- **DATASET EXTRACT**:
....
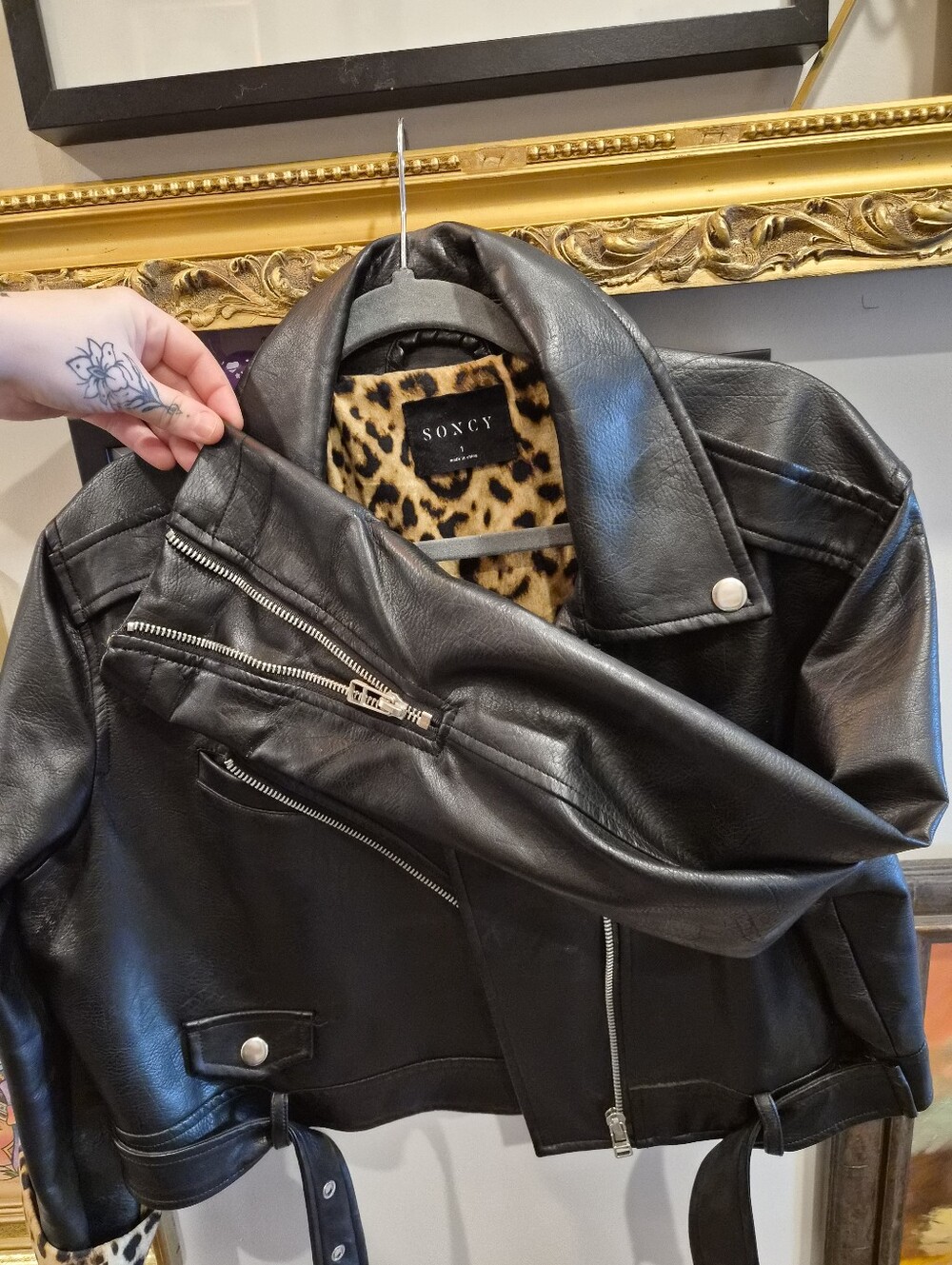 Soncy Black Faux Leather Biker Jacket with Leopard Lining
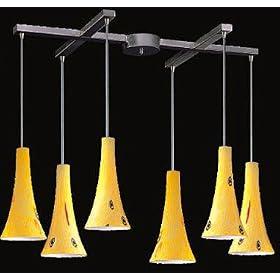 LAMPS BEAUTIFUL Contemporary Yellow Tromba Six Pendant Island Bar Ceiling Fixture Light by... by ELK Lighting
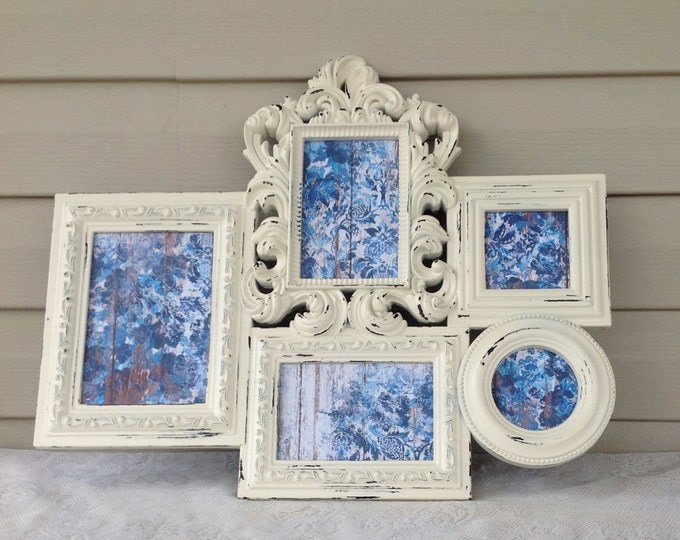White Shabby Chic Frame Collage Large Wall Collage 4 X 6 Etsy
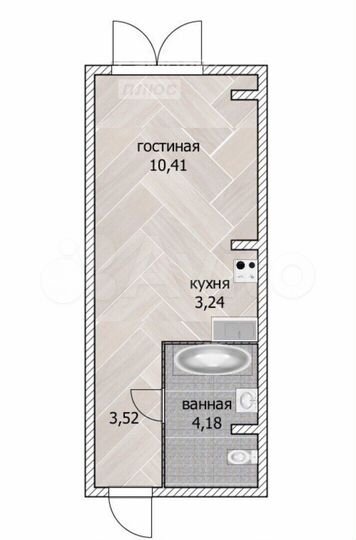 Апартаменты-студия, 23,8 м², 10/12 эт.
....
- **WHAT YOU HAVE TO DO**:
Pictures must be left out. Repeat exactly the lines from the one containing "LAMPS BEAUTIFUL Contemporary" through the final line of the data.

- **EXERCISE SOLUTION**:
 LAMPS BEAUTIFUL Contemporary Yellow Tromba Six Pendant Island Bar Ceiling Fixture Light by... by ELK Lighting
White Shabby Chic Frame Collage Large Wall Collage 4 X 6 Etsy
 Апартаменты-студия, 23,8 м², 10/12 эт.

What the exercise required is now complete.